ワシントンではヴォネガットの『猫のゆりかご』を読み終え、保坂和志の『季節の記憶』を読み、などしていたのだけれど、保坂和志のものは彼の佳作『プレーンソング』同様に、5分の1くらいのところで投げ出して飛ばし読んだ。保坂和志の書くものを味わえるようになるには、本人もそのあとがきで語ってるように、相当の本を読み漁って、読書そのものにうんざりするようになってからなのだろう。多く、人は小説の中に心を揺さぶらせる何かを求めるのだと思うけれど、保坂和志の小説にいたっては、主人公と周辺人物をとりまく端的な日常がつぶさに描かれてのらりくらりと話が進み、結末までその調子は保たれていて、揺さぶりはほとんどと言っていいほど与えられない。

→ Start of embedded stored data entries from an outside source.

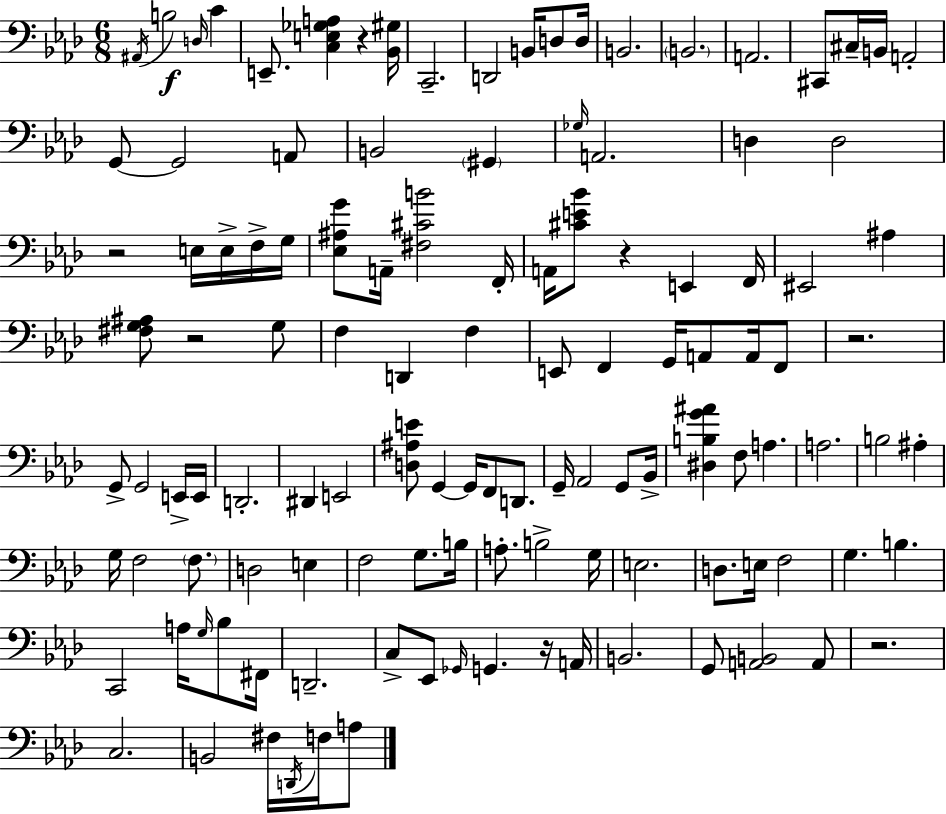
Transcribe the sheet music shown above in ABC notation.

X:1
T:Untitled
M:6/8
L:1/4
K:Ab
^A,,/4 B,2 D,/4 C E,,/2 [C,E,_G,A,] z [_B,,^G,]/4 C,,2 D,,2 B,,/4 D,/2 D,/4 B,,2 B,,2 A,,2 ^C,,/2 ^C,/4 B,,/4 A,,2 G,,/2 G,,2 A,,/2 B,,2 ^G,, _G,/4 A,,2 D, D,2 z2 E,/4 E,/4 F,/4 G,/4 [_E,^A,G]/2 A,,/4 [^F,^CB]2 F,,/4 A,,/4 [^CE_B]/2 z E,, F,,/4 ^E,,2 ^A, [^F,G,^A,]/2 z2 G,/2 F, D,, F, E,,/2 F,, G,,/4 A,,/2 A,,/4 F,,/2 z2 G,,/2 G,,2 E,,/4 E,,/4 D,,2 ^D,, E,,2 [D,^A,E]/2 G,, G,,/4 F,,/2 D,,/2 G,,/4 _A,,2 G,,/2 _B,,/4 [^D,B,G^A] F,/2 A, A,2 B,2 ^A, G,/4 F,2 F,/2 D,2 E, F,2 G,/2 B,/4 A,/2 B,2 G,/4 E,2 D,/2 E,/4 F,2 G, B, C,,2 A,/4 G,/4 _B,/2 ^F,,/4 D,,2 C,/2 _E,,/2 _G,,/4 G,, z/4 A,,/4 B,,2 G,,/2 [A,,B,,]2 A,,/2 z2 C,2 B,,2 ^F,/4 D,,/4 F,/4 A,/2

あえていうならば、彼の作品は年輪を重ねるような小説とでもいえようか。人が一日一日を端的に、非合理に生きているうちに、気がつくと年輪が重ねられ、気がつくと成熟を発見し、堕落を発見し、老いを発見し、死を発見する、というようにゆるりとした歩みが気がつくと重大な気づきを人にもたらす。保坂の小説もゆるりゆるりと小説世界の日常に付き合っていくうちに、自ずと何かの気づきを人にもたらす、のではないだろうか。
ヴォネガットの『猫のゆりかご』については、これも中々にとらえどころのない小説なのだけれど、やはりヴォネガットらしいというか、世界の終末がボコノン教という珍妙不可解な宗教をダシにしつつ描かれていて、人間存在というものが面白おかしく、ヴォネガットらしい泣き笑いの調子で哀しく描かれている。21世紀に入っても、人間のやってるバカ騒ぎは泣き笑いに違いない。ヴォネガットも墓場で笑ってる。
飛行機がアメリカの中心部めがけて突っ込み、報復といっては一般市民を大量に巻き添えにした数倍返しを行い、勢い余ってイラクの体制もひっくり返す(ここでも大量の無辜の一般市民の殺戮がオマケのようについている)。
阿川尚之・元米国大使館公使は対イラク戦争への日本の同調・自衛隊の派遣が米国を励まし、おかげで世界に対する発言力を結果強めたと言っていたけれど、その言い草はあまりに卑屈だ。現場の感覚には違いないのだろうけれど。大量破壊兵器を持ってなかったイラクに対して、大量破壊兵器は確かにあるとしてアメリカを支持しといて、ないとわかっても反省もせずに常任理事国入りだけを求めて邁進しているような国家は早晩国柄を失う。
時差ボケによる覚醒で、ジョー・パス『ヴァーチュオーゾ』の音色が気持ちのいい夜に思う。